Understanding The ADX Loyalty Pool and Elastic Issuance
Posted by AdEx Network on October 8th, 2020ADXStakingDeFi
Recently we announced the release of the AdEx Loyalty staking pool. It uses a Chainlink-powered ADX-USD price oracle for a novel DeFi concept we call elastic issuance. In this post we explain in more details how this pool works, what is elastic issuance and why it matters.
What is the AdEx Loyalty Pool
During the past few months, we brought our staking ecosystem to an entirely new level. We started off with a single validator pool - Validator Tom - and started looking into adding more pools based on popular demand by our stakers and community members.
We received very positive feedback about our staking, and decided to go ahead with the next pool: the AdEx Loyalty Pool.
This pool has a few noteworthy peculiarities:
- It has no lockup period: you can deposit/withdraw from it instantly at any time.
- Rewards are automatically added (re-staked) towards the pool.
- There is no slashing in this pool so there is no way you lose any of your tokens.
- The pool wraps ADX tokens and generates new tokens: ADX-LOYALTY. These are tradable!
- Staking in the loyalty pool allows stakers governance.
- The annual percentage yield (APY) of the pool varies based on the price of ADX - so it’s predictable. More on this further in this article.
The ADX-LOYALTY Pool Token
Unlike our regular validator pools, the loyalty pool is tokenized. This means it wraps ADX in its own token (ADX-LOYALTY) that can be transferred, traded, locked for governance or otherwise interacted with, to take advantage of the vibrant DeFi ecosystem on Ethereum.
This token is essentially an interest-bearing ADX derivative, like the Yearn Finance vault system for example.

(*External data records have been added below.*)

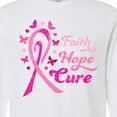 thumbnail image 4 of Inktastic Faith Hope Cure Breast Cancer Awareness Long Sleeve T-Shirt, 4 of 5
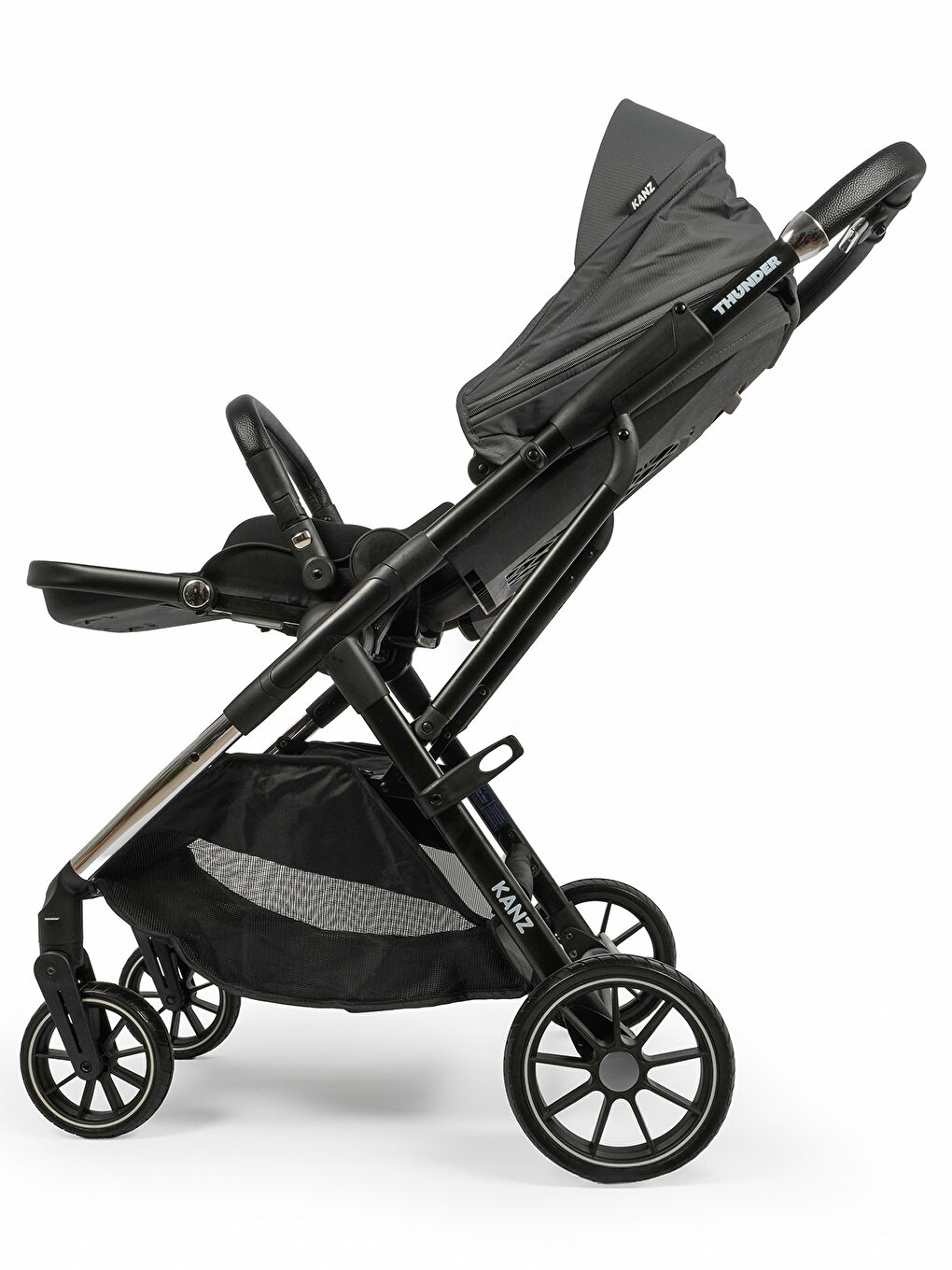 Thunder Travel Sistem Bebek Arabası Gri-9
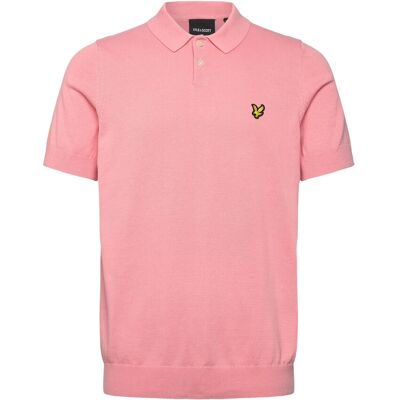 Scott Cotton Short Sleeve Knitted Polo S Y120 PINK GRAPEFRUIT S Scott Cotton Short Sleeve Knitted Polo S Y120 PINK GRAPEFRUIT S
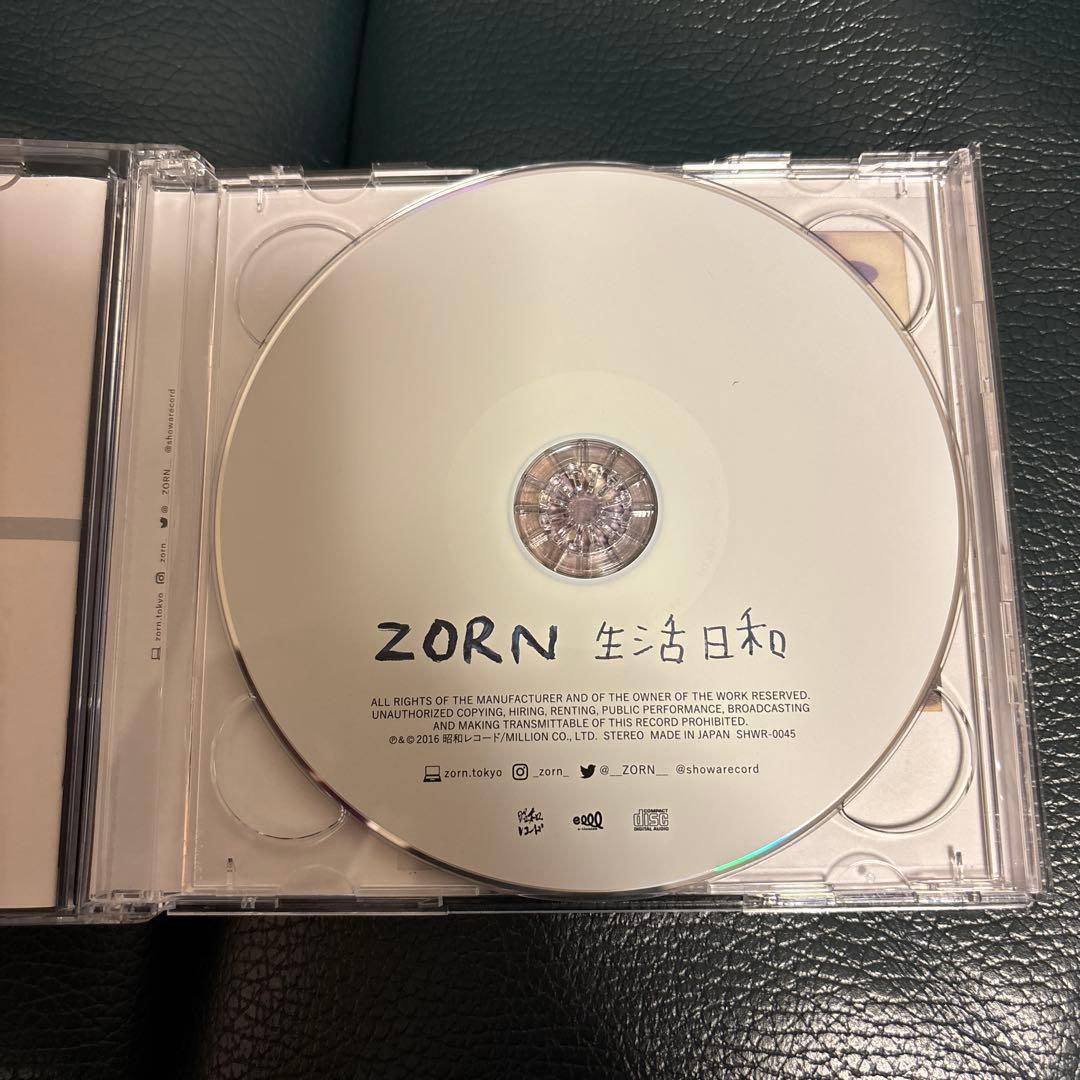 【希少】ZORN 生活日和 CD DVD付き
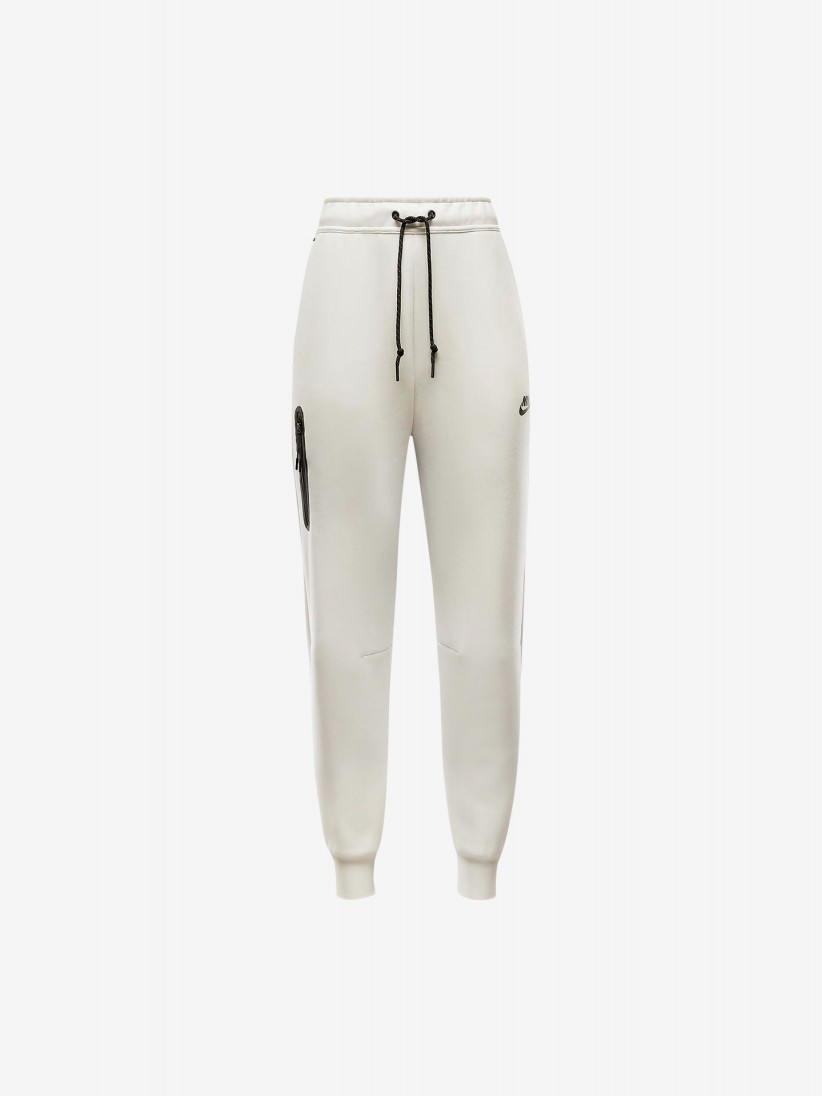 Pantalones Nike Sportswear Tech Fleece Mid-Rise Blancos Para Mujer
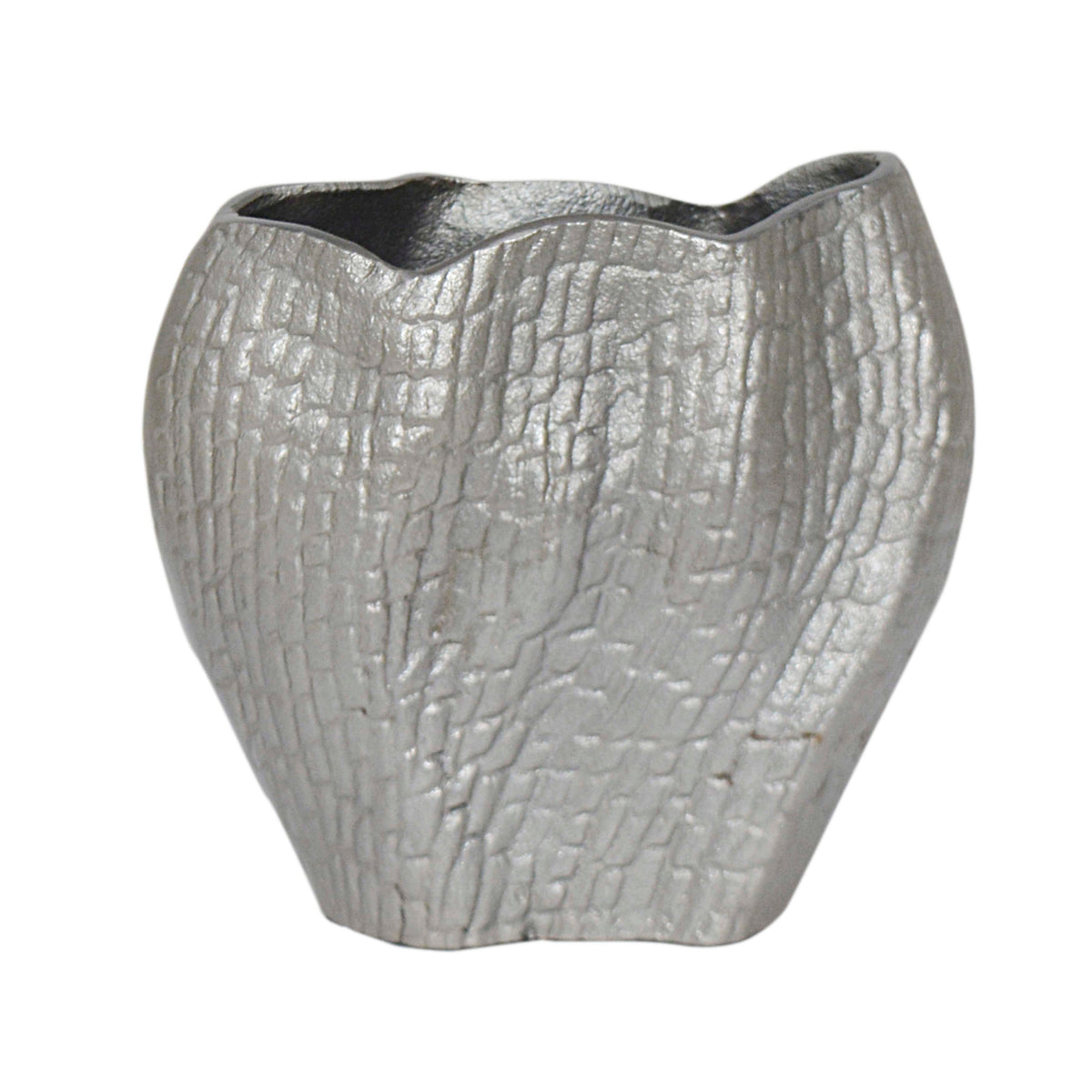 Vase ALU RAW/NEWPEWTER 22x13x20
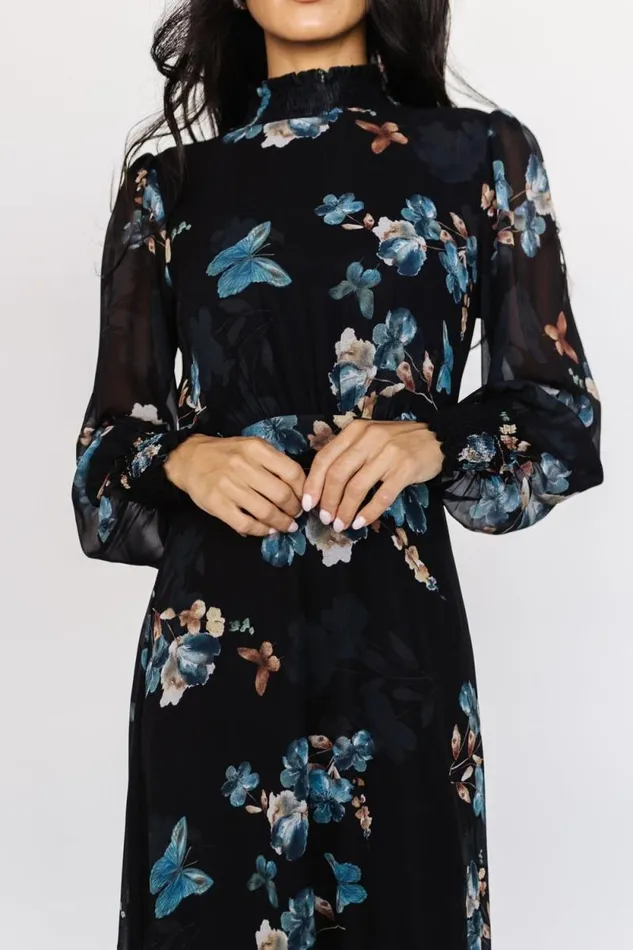 Women Luciana Maxi Dress Black Blue Baltic Born Maxi Dresses Women Luciana Maxi Dress Black Blue Baltic Born Maxi Dresses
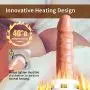 WeDol Automatic Thrusting Dildo Sex Machine for Women Hands-Free Sex Fun with 8 Powerful Thrusting Actions 10 Vibration Modes Remote Control Heating Realistic Vibrating Dildo Female Love Machine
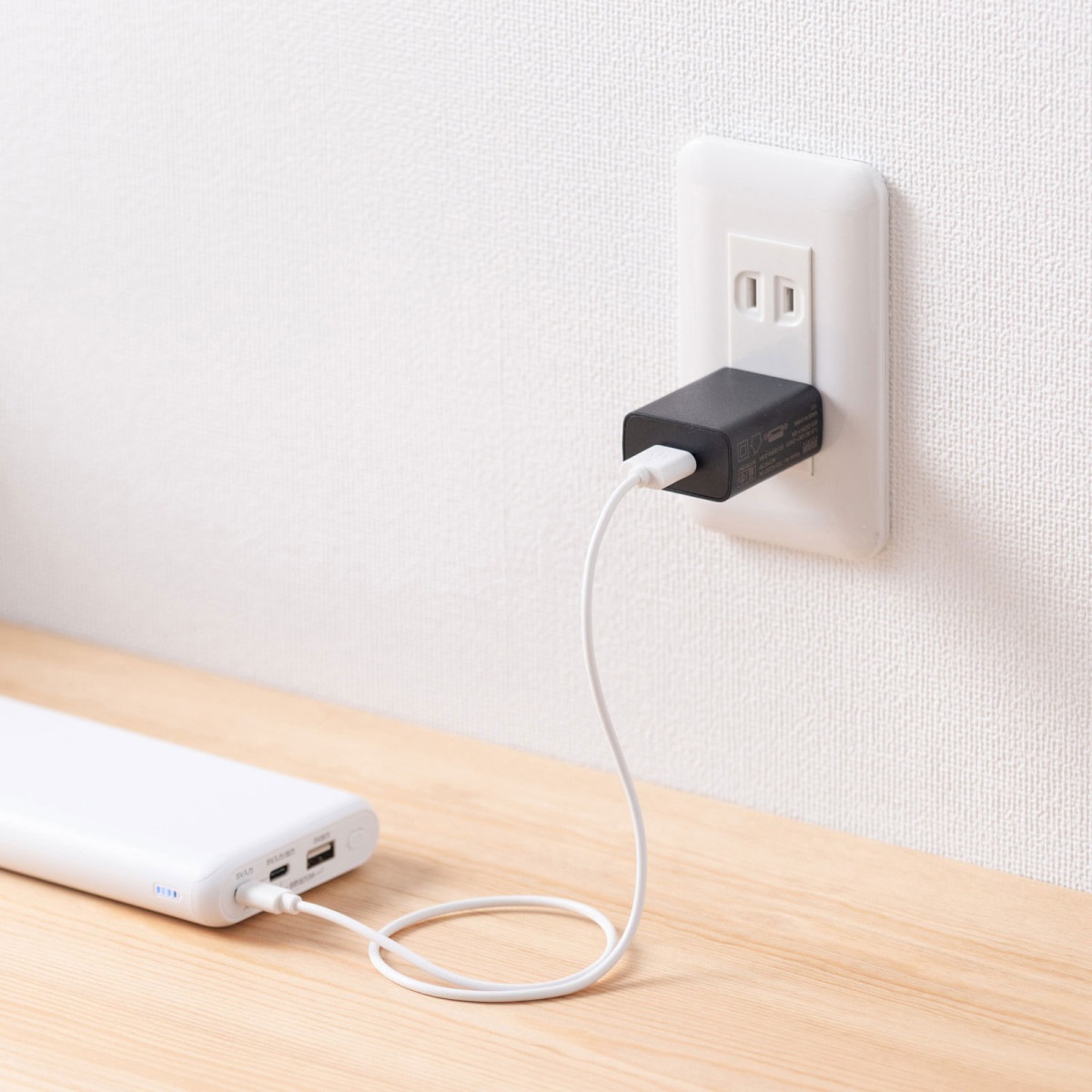 [ACA-IP87BK] USB���Ŵ�(2A���֥�å�)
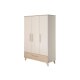roba Kinderkleiderschrank Sidney 3-türig, Cashmere / Dekor Eiche - B-Ware Transportschaden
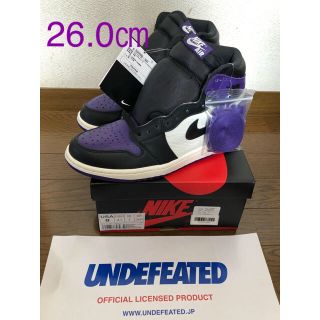 ナイキ(NIKE)のNIKE AIR JORDAN 1  エアージョーダン1 紫(スニーカー)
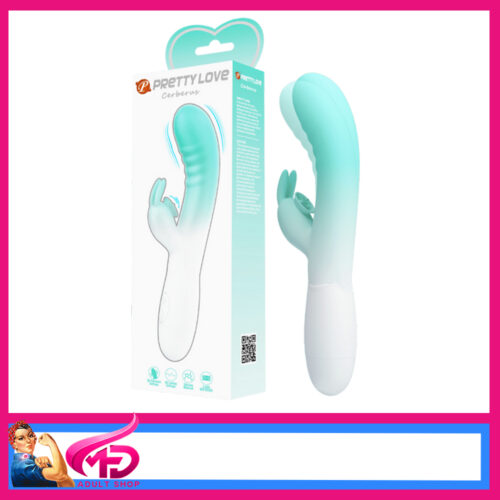Pretty Love | Cerberus 30 Speeds Petite Battery Rabbit Vibrator Teal Green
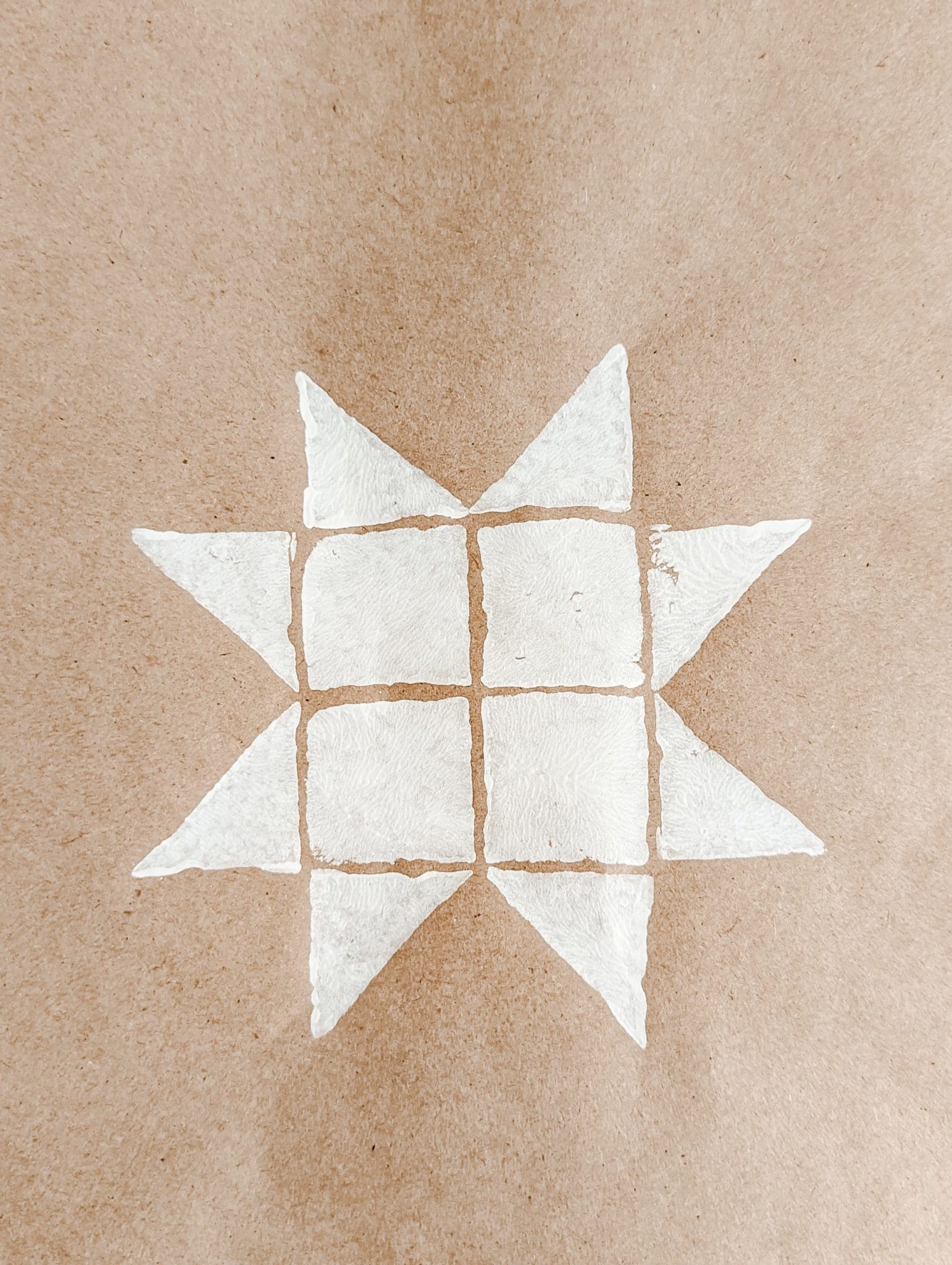 DIY wrapping paper that looks like vintage variable star quilt designs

When an ADX holders deposit their earnings to the Loyalty Pool, they will receive ADX-LOYALTY tokens. As long as they hold the tokens, they will receive ADX yield with predictable variable APY. If users need their ADX, they can unbond their Loyalty stake and receive back their ADX tokens, while the corresponding ADX-LOYALTY tokens get burned.
Elastic Issuance and Predictable APY
The Loyalty Pool annual percentage yield (APY) will range from 10% to 50% depending on the ADX price in steps. The APY will be higher when the price increases, and lower when the price falls into a lower bracket. We call this elastic issuance.
We pioneered elastic issuance to make sure that pool participants are incentivized to stay in while the price is high, but also to decrease excessive issuance if the price is low.
We get the price information from an ADX-USD price feed provided by Chainlink.
With the data derived from the oracle, we have set the following APY steps based on the ADX price ranges:
You can check the full table of steps here in the smart contract.
Along with the 10-50% predictable APY, the loyalty pool carries the ability to receive and redistribute any ADX sent to it. This means that it can be used for distributing additional rewards to ecosystem participants.
For example, when there are multiple validator pools, the pool creator may choose what happens to slashed ADX beforehand: whether they get burnt or they get sent to the Loyalty Pool.
Furthermore, this could be used to redistribute network income to governance participants via a buyback-and-make model.
As we mentioned, the Loyalty Pool gives stakers (i.e. ADX-LOYALTY holders) governance power. They will be able to vote on different proposals about the AdEx Network development (the AdEx advertising platform and the underlying protocol.
Proposals will be uploaded to our snapshot.page by our team and the community will be able to vote. These votes will help us make decisions for the AdEx roadmap.
At this stage, proposal voting outcomes are not binding, unless explicitly marked as such.
This governance mechanism can be used to change the pool parameters, such as loyalty pool price-issuance steps, Validator Tom pool staking incentives, publisher and advertiser incentives, etc.
The AdEx Loyalty Pool will accept a maximum of 25 million ADX. It has been set up this way in order to ensure that not too many new ADX tokens are issued while still keeping a predictable APY.
This works on a first-come first-serve basis: once the limit has been reached, new participants will not be able enter the pool.
Both the Tom Pool and the Loyalty Pool incentivize ADX stakers to keep their ADX either staked or in their own wallets.
The additional ADX minted by both pools slightly dilute the ADX supply and if holders just hold ADX without participating in a pool, the inflation decreases their ADX buying power, while stakers increase it depending on the APY%.
Security and Smart Contracts Audits
The AdEx loyalty pool contract has been audited - but as we’ve seen multiple times in the crypto space, audits do not guarantee security.
This is why, as with any other contract we’ve launched on mainnet, we perform extensive internal reviews and we ensure there’s full test coverage including adverse cases.